Until the city's leading citizens honor him with a banquet on a flower boat (a sort of floating restaurant/brothel), and the beautiful dancer Almond Blossom grasps a chance to whisper to Dee that she must speak to him later, and that a dangerous conspiracy was being plotted in that town. But before she can give Dee any information, she is drowned in the lake...

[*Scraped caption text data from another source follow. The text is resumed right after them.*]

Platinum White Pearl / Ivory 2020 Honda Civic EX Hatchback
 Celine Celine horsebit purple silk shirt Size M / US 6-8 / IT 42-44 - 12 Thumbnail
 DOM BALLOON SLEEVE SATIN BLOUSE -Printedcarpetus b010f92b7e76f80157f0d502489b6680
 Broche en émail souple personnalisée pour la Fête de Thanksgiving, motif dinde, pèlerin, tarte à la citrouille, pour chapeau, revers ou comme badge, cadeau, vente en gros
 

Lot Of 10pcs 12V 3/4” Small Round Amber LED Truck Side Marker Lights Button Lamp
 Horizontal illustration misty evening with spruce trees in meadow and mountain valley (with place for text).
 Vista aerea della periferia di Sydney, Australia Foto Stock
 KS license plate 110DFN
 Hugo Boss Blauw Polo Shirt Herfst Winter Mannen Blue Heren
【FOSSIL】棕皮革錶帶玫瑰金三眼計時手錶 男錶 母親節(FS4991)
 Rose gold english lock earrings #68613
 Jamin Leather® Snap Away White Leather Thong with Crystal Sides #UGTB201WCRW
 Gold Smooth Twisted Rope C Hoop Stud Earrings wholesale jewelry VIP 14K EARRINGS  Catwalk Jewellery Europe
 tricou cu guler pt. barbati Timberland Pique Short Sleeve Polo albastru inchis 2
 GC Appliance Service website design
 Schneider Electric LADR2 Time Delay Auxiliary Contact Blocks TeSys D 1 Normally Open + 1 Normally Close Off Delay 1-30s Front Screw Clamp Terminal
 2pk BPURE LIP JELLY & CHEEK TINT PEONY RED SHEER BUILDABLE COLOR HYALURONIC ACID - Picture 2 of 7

And then we're thrown into another full-blooded mystery/adventure with Dee and his retinue. Again, it's three cases, all connected in some way. "The Case of the Drowned Courtesan" is central; who killed Almond Blossom? Who could have overheard her whispering to Dee? And exactly what is the dangerous conspiracy? In "The Case of the Vanished Bride," a young bride is found dead the morning after her wedding, apparently from hemorrhage after having her hymen broken (rare, but as far as I can tell, not unheard of). Both are children of prominent citizens, and the kerfuffle is made worse when her coffin is opened at the Buddhist temple and is found to contain an unidentified man! And the groom? He vanished as well. Where are they? Finally, "The Case of the Spendthrift Councilor" centers on a former Imperial Councilor living in retirement in the city. He's quite old, seemingly becoming senile, but is also engaging in strange business deals where he's selling off lots of property at a loss. What's going on?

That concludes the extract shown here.